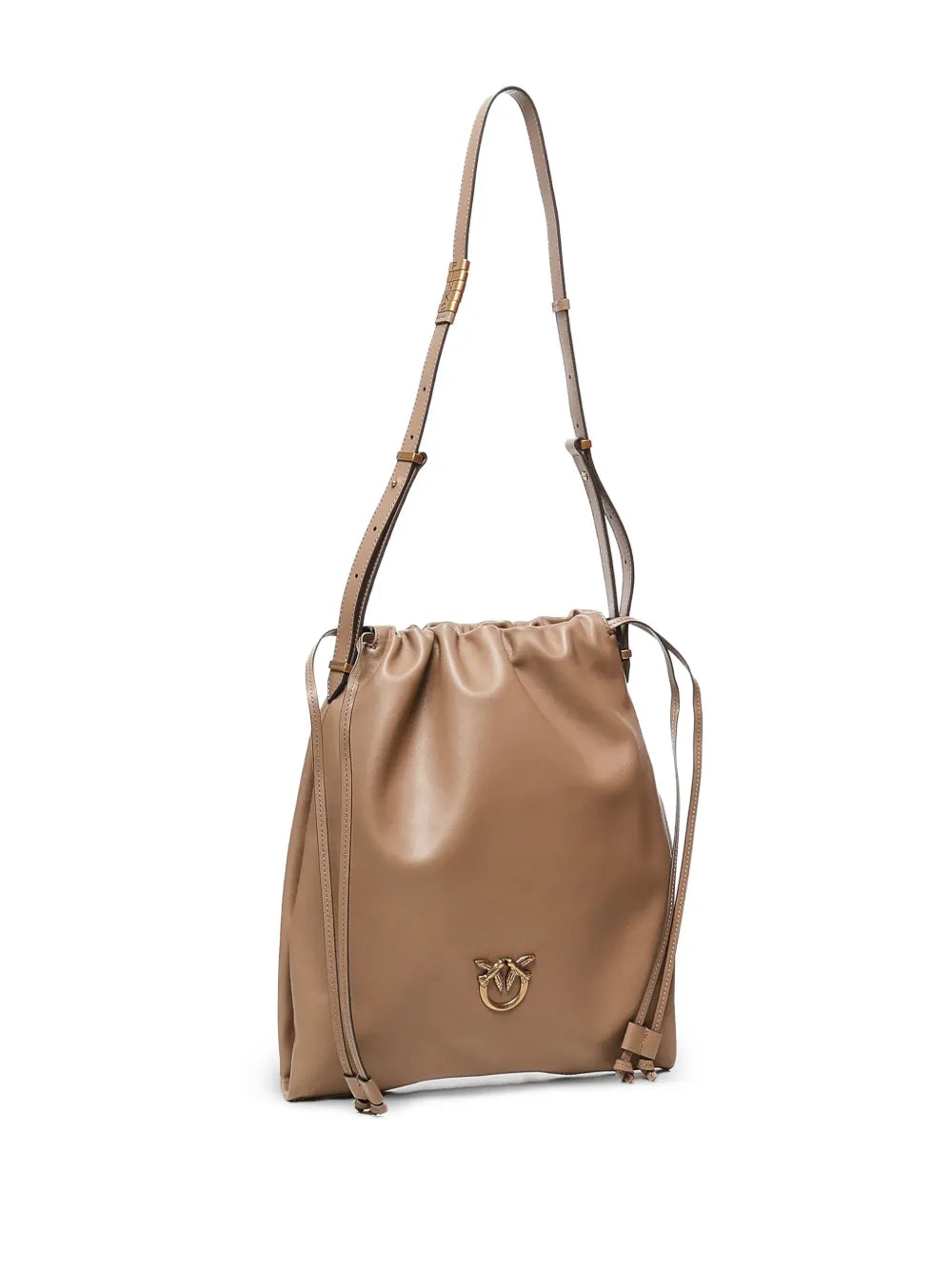 PINKOdrawstring leather shoulder bag
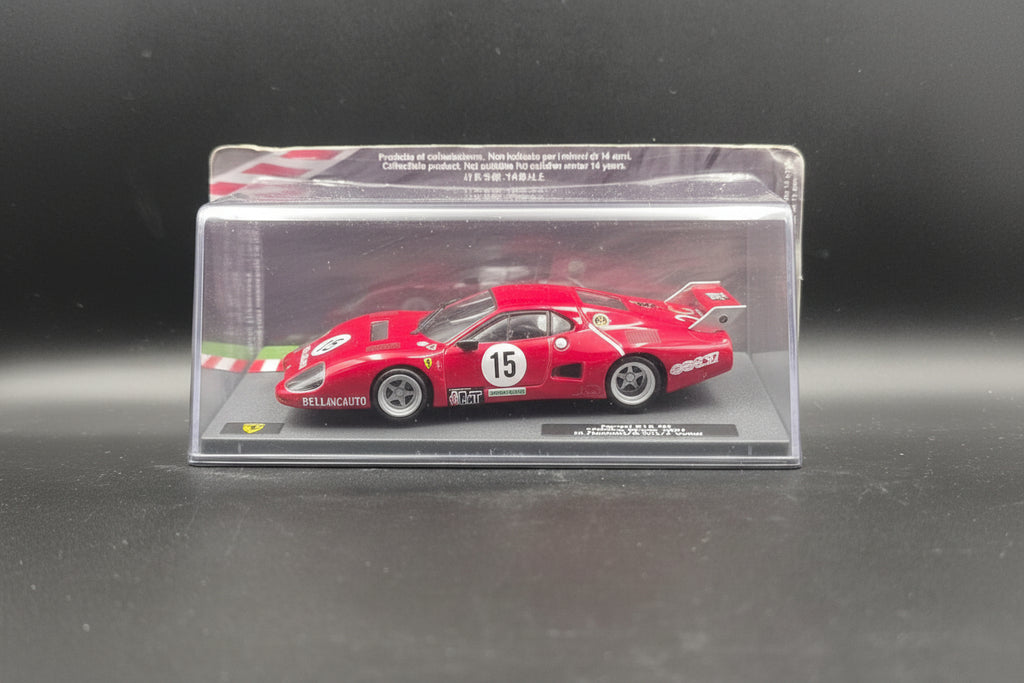 Bburago 1/43 Ferrari 512 BB (II Series) – 1000km Monza 1981 #15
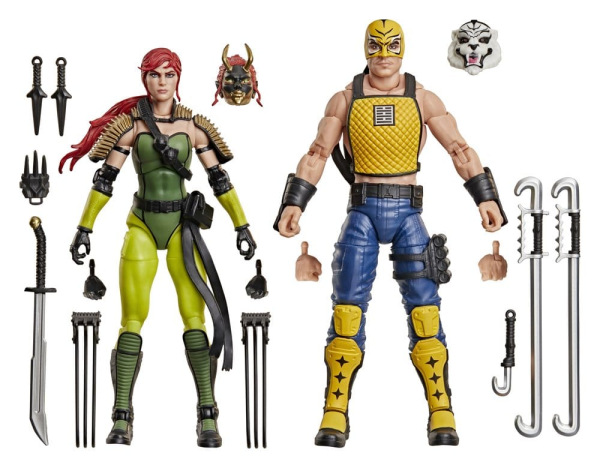 G.I. Joe Classified Series Action Figure 2-Pack #212 Ninja Force Scarlett & T'Jbang 15 cm 3
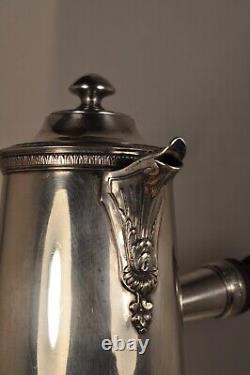Chocolate Ancien Argent Massif Antique Solid Silver Chocolate Pot 565gr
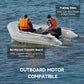 CO-Z 7.5ft Inflatable Boat for 2 PVC Dinghy Raft 660lb with Aluminum Oars & Pump
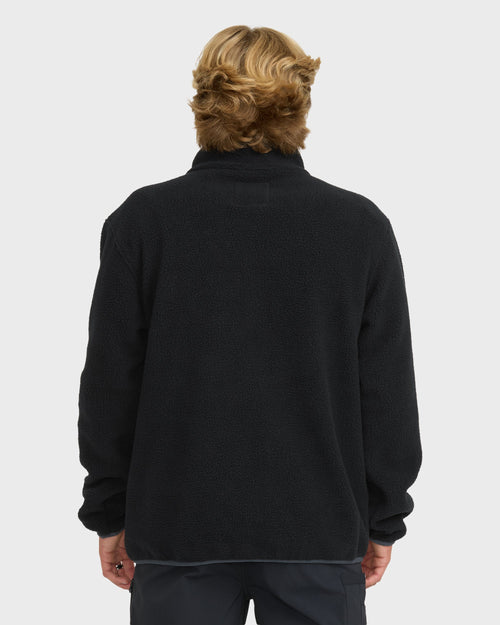 Billabong Alpine Mock Neck Zip, Black, alternate view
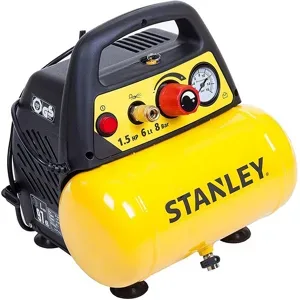 Stanley DN 200/8/6 - Tragbarer elektrischer Kompressor - Motor 1.5PS - 6 Lt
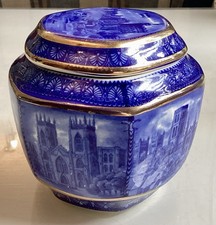 Wade Porcelain Ringtons 80th Anniversary Tea Caddy North East Landmarks 1987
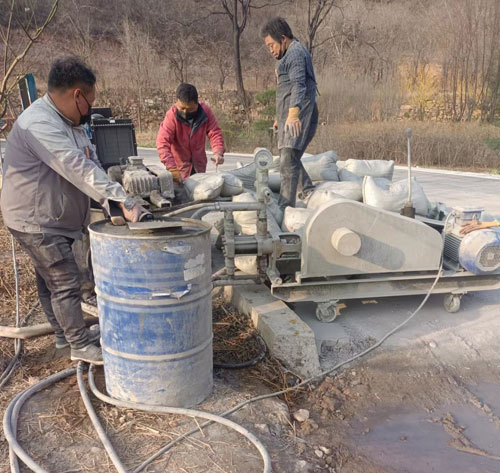 房山路面下沉注浆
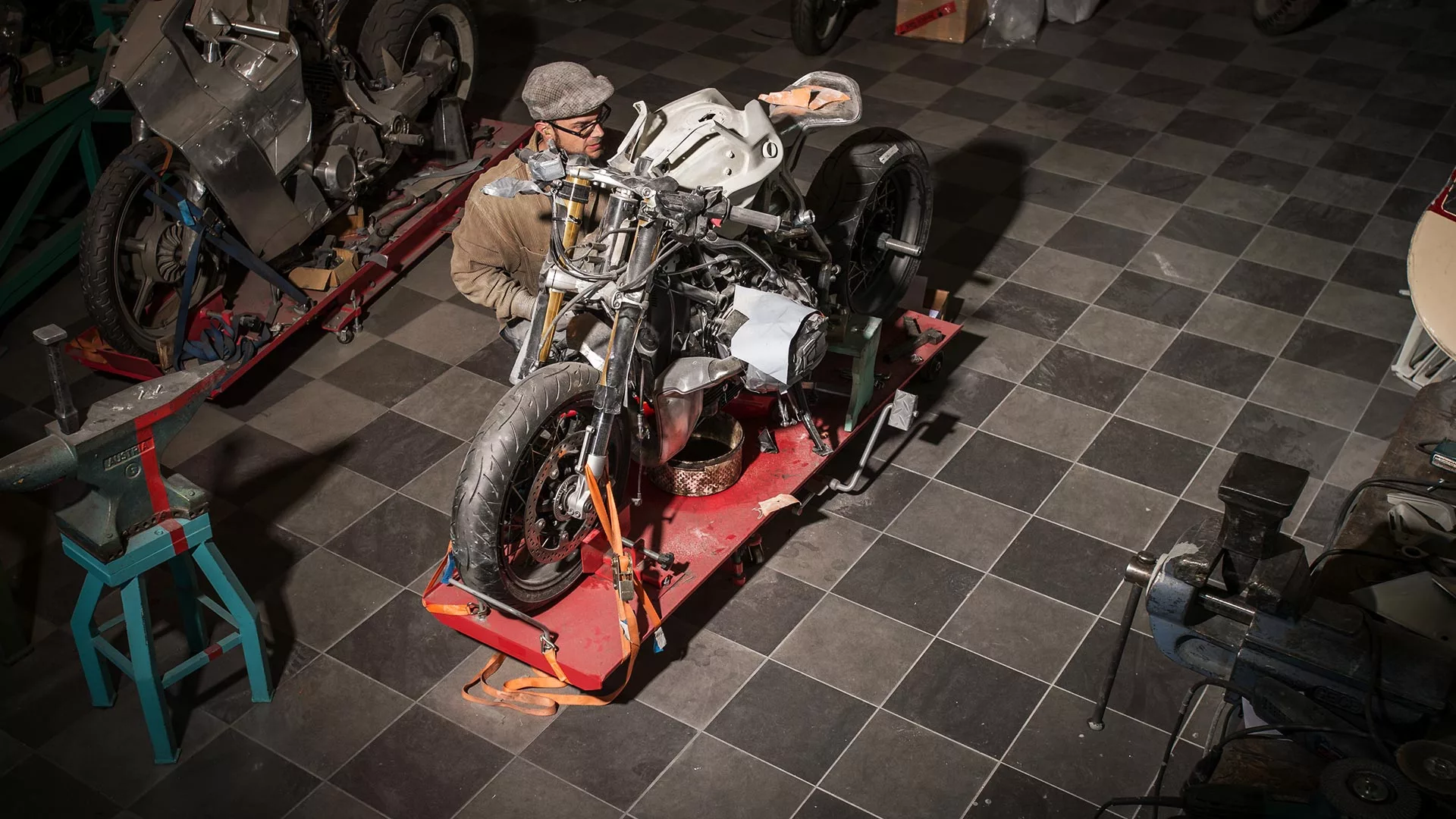 Blechmann doesn't work from sketches often, preferring to imagine things by hand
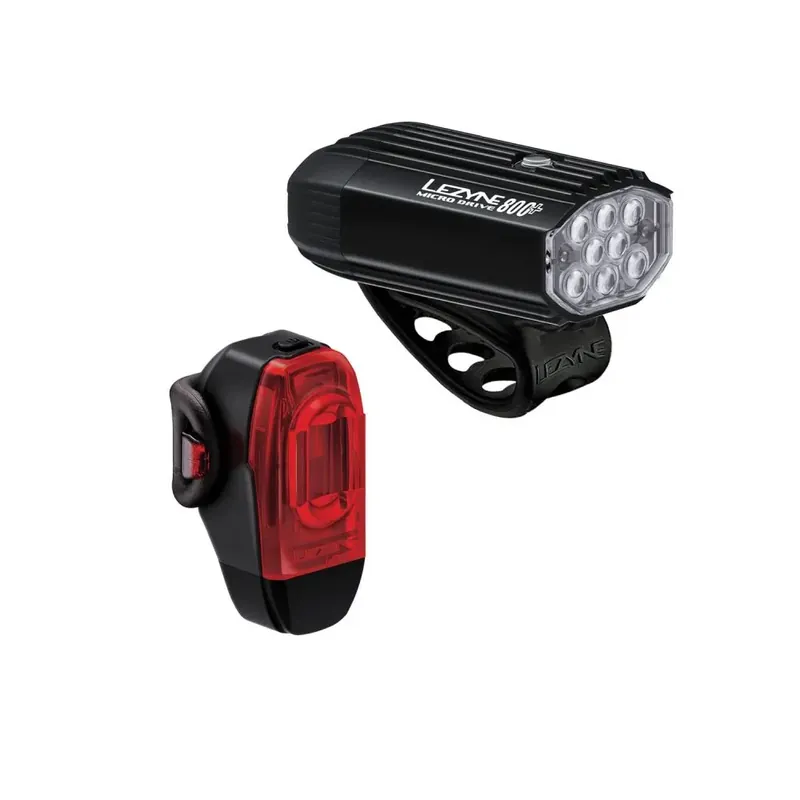 Lezyne MICRO DRIVE 800+ / KTV DRIVE+ PAIR černá/červená Nejlepší Cena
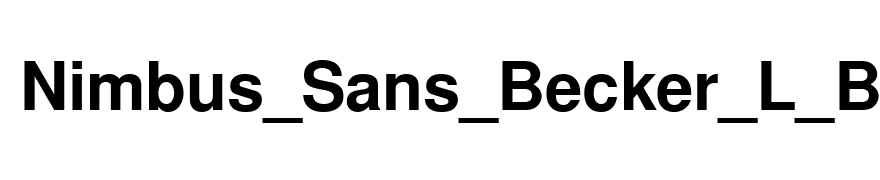 Nimbus_Sans_Becker_L_Bold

■ **Activity**: Using the records above, return word for word the lines that begin at the one containing "Chocolate Ancien Argent" and end at the one containing "Stanley DN 200/8/6", both of them included and no pictures.

■ **Response to the task**:
Chocolate Ancien Argent Massif Antique Solid Silver Chocolate Pot 565gr
 CO-Z 7.5ft Inflatable Boat for 2 PVC Dinghy Raft 660lb with Aluminum Oars & Pump
 Billabong Alpine Mock Neck Zip, Black, alternate view
 Stanley DN 200/8/6 - Tragbarer elektrischer Kompressor - Motor 1.5PS - 6 Lt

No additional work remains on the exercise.